What could cause read performance to degrade faster than write performance as the number of files increases?
The full results (number of 5GB files, ratio of write time to read time) are below: 1, 2.02 2, 1.87 4, 1.73 8, 1.54 16, 1.37 32, 1.29 64, 1.01
I would advise against using TestDFSIO, instead trying TeraGen and TeraValidate. IIRC TestDFSIO doesn't actually schedule for task locality, so it's not very good if you have a cluster bigger than your replication factor. You might be network bound as you try to read more files.
On Tue, Nov 4, 2014 at 6:19 AM, Eitan Rosenfeld <[EMAIL PROTECTED]> wrote:
Reads can be faster than writes for smaller bursts of IO in part due to disk and memory caching of reads (if you turn on write back (not recommended!) your numbers above are likely to get closer together). As your volume of IO increases, you tend to reach a point where you are bound (more or less) by physical IO and are not leveraging the cache optimization any more. FYI, if what you are seeing are these cache misses, then reducing the percent of memory used by UNIX for file system buffers should result in your observed phenomenon occurring sooner.
If you look at iostats you may see that the read and write service times on the devices are converging, which is another indication of cache misses.

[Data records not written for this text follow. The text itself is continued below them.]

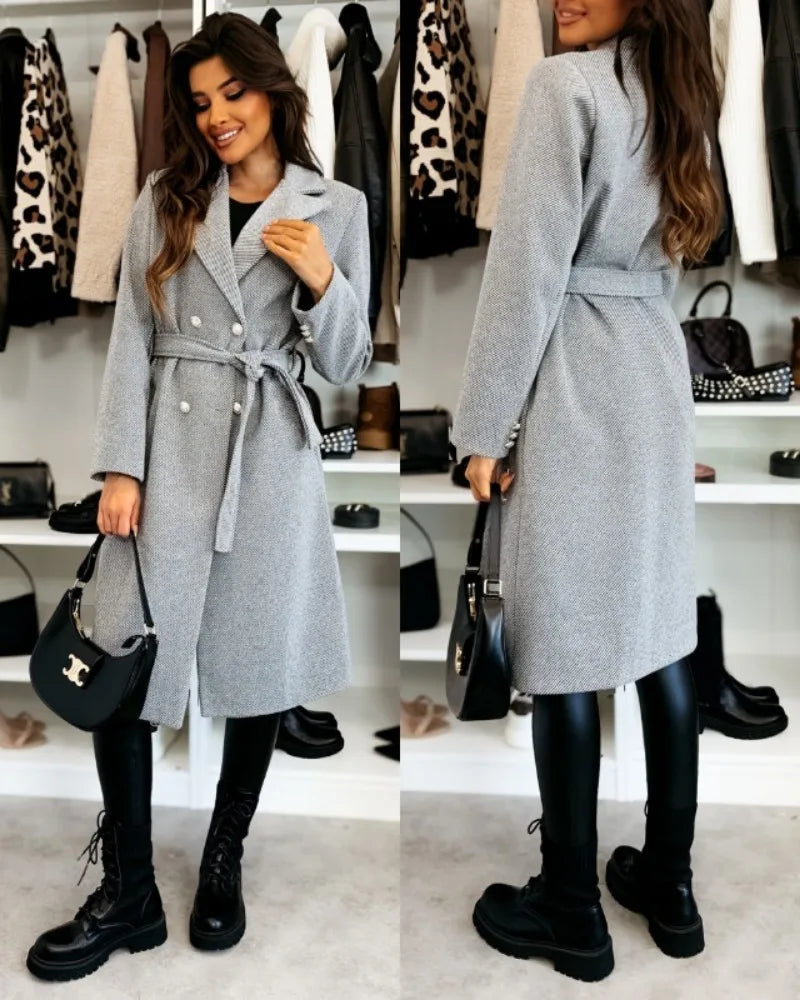 Women's Woolen Coat Autumn Winter Vintage Elegant Double Breasted Trench Coat Women Brown Long Sleeved Midi Windbreaker Jacket
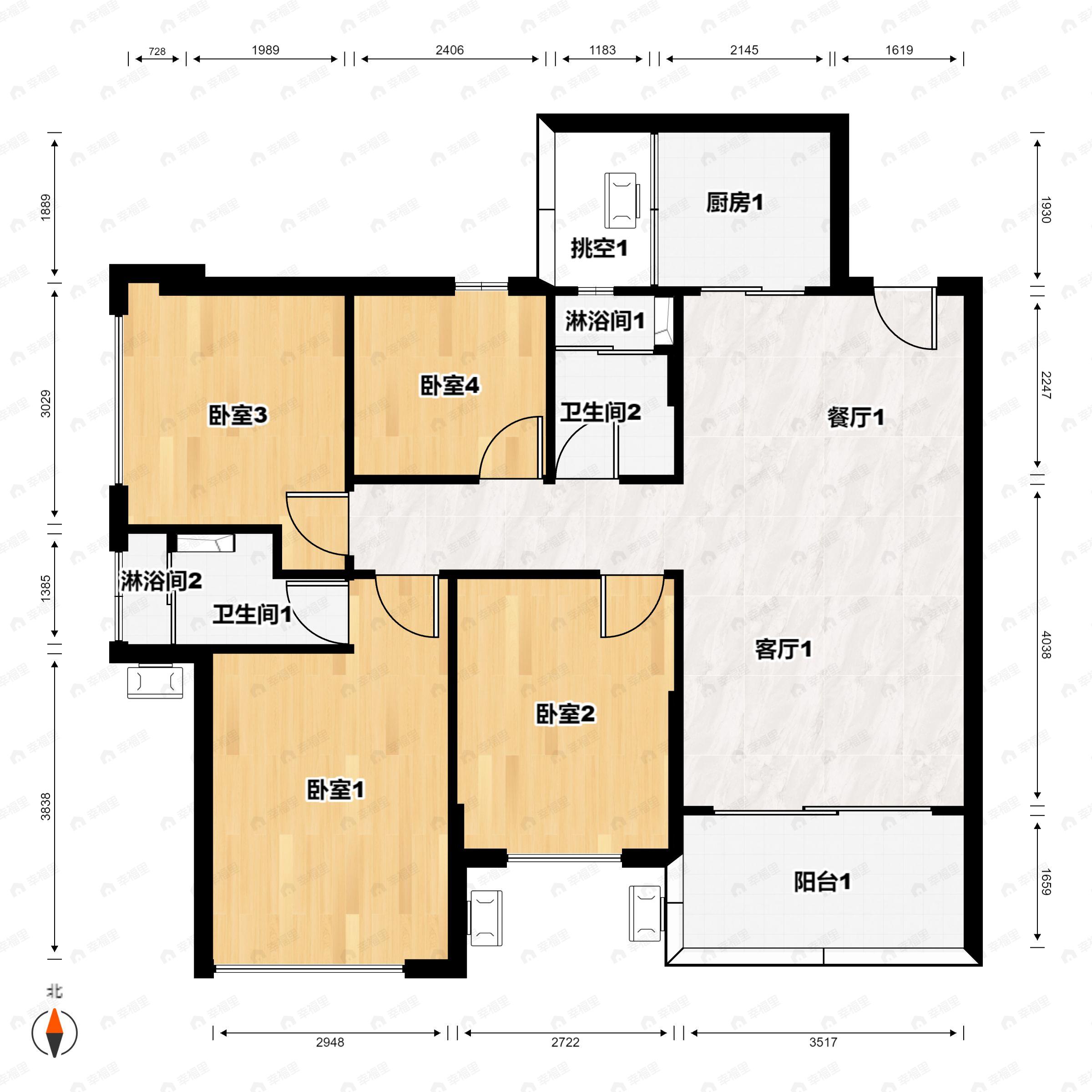 4室2厅2卫建面109平南户型图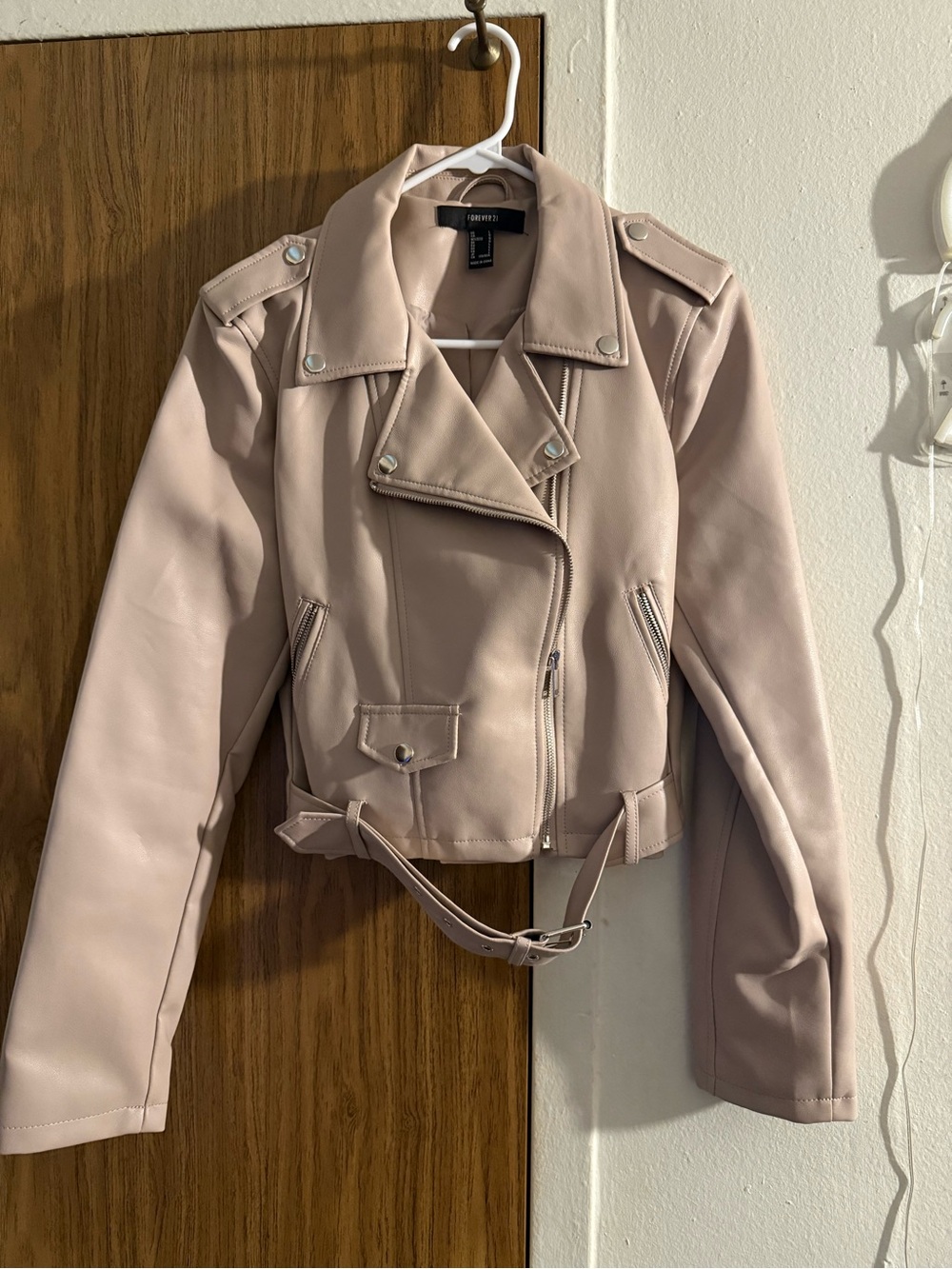 Forever 21 Mauve Faux Leather Moto Jacket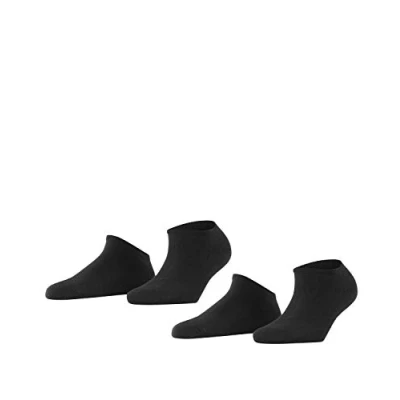 Abbildung von ESPRIT Damen Sneakersocken Uni 2 Pack W SN Baumwolle kurz einfarbig Paar, Schwarz (Black 3000), 35 38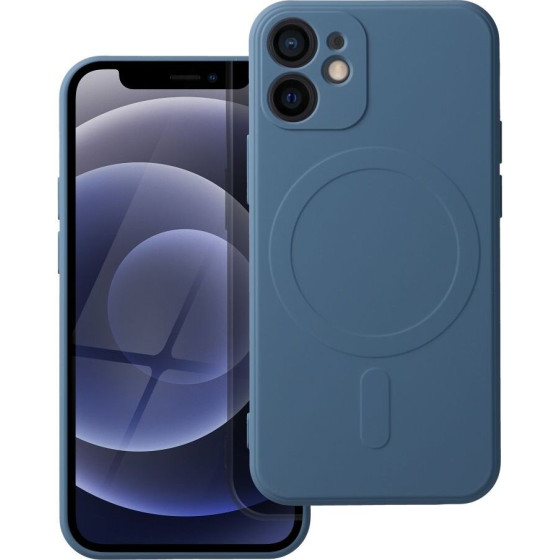 Silicone Mag Cover Case Compatible With Magsafe For Iphone 12 Mini Blue OEM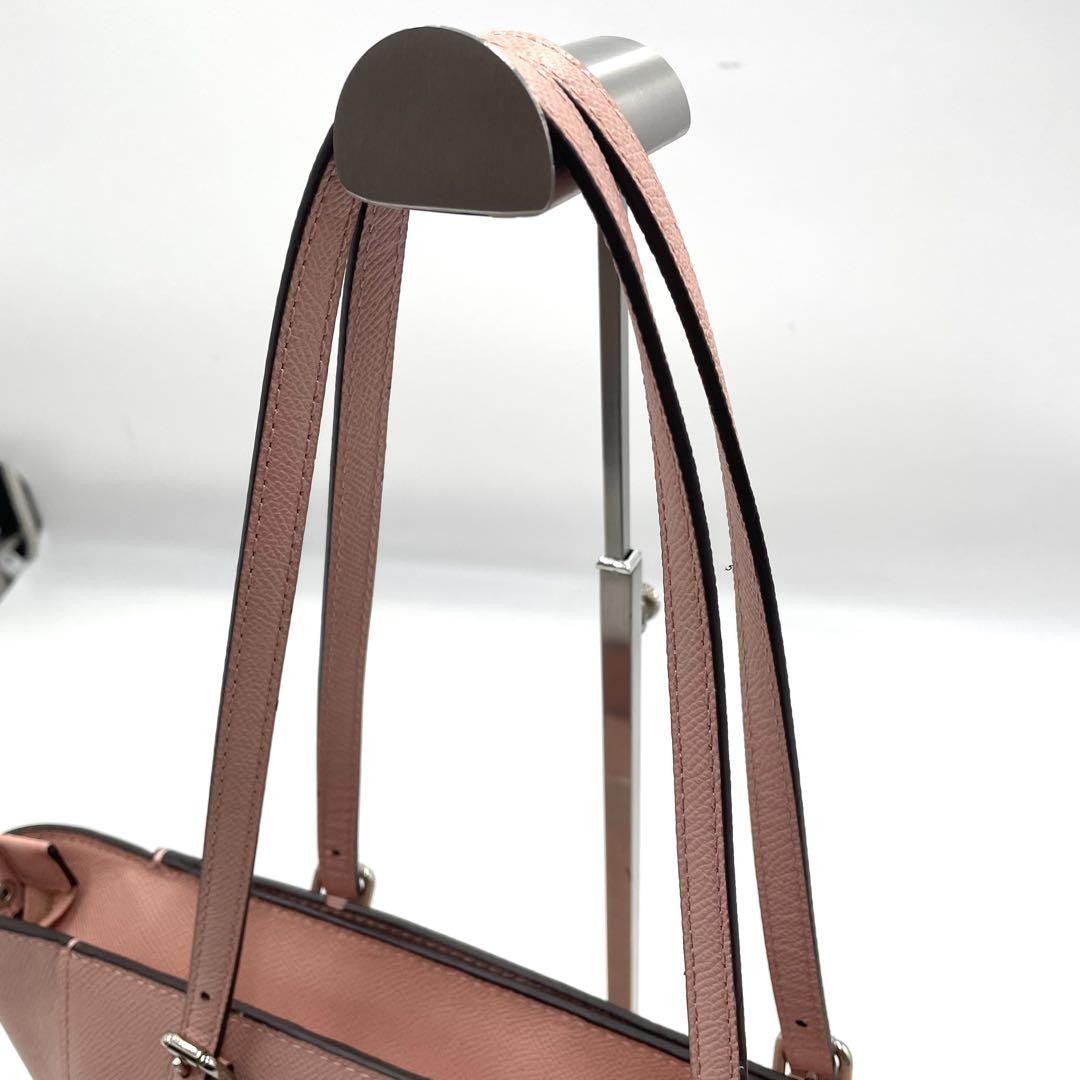 COACH Hand Bag Tote Purse Turn Lock Leather Pink Authentic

*.......“The race is not to the swift,nor the battle to the strong,but to those who can see it coming and jump aside.” - Hunter ThompsonDaemeon C.M. ReiydelleUSA (+1) 415.501.0198London (+44) (0) 20 8144 9872*
On Tue, Nov 4, 2014 at 3:42 PM, Andrew Wang <[EMAIL PROTECTED]> wrote:
Daemeon - Indeed, I neglected to mention that I am clearing the caches throughout my cluster before running the read benchmark. My expectation was to ideally get results that were proportionate to disk I/O, given that replicated writes perform twice the disk I/O relative to reads. I've verified the I/O with iostat. However, as I mentioned earlier, reads and writes converge as the number of files in the workload increases, despite the constant ratio of write I/O to read I/O.
Andrew - I've verified that the network is not the bottleneck. (All of the links are 10Gb). As you'll see, I suspect that the lack of data-locality causes the slowdown because a given node can be responsible for serving multiple remote block reads all at once.
I hope my understanding of writes and reads can be confirmed:
Write pipelining allows a node to write, replicate, and receive replicated data in parallel. If node A is writing its own data while receiving replicated data from node B, node B does not wait for node A to finish writing B's replicated data to disk. Rather, node B can begin writing its next local block immediately. Thus, pipelining helps replicated writes have good performance.
In contrast, let's assume node A is currently reading a block. If node A receives an additional read request from node B, A will take longer to serve the block to B because of A's pre-existing read. Because node B waits longer for the block to be served from A, there is a delay on node B before it attempts to read the next block in the file. Multiple read requests from different nodes are a consequence of having no built-in data locality with TestDFSIO. Finally, as the number of concurrent tasks throughout the cluster increases, the wait time for reads increases.
Is my understanding of these read and write mechanisms correct?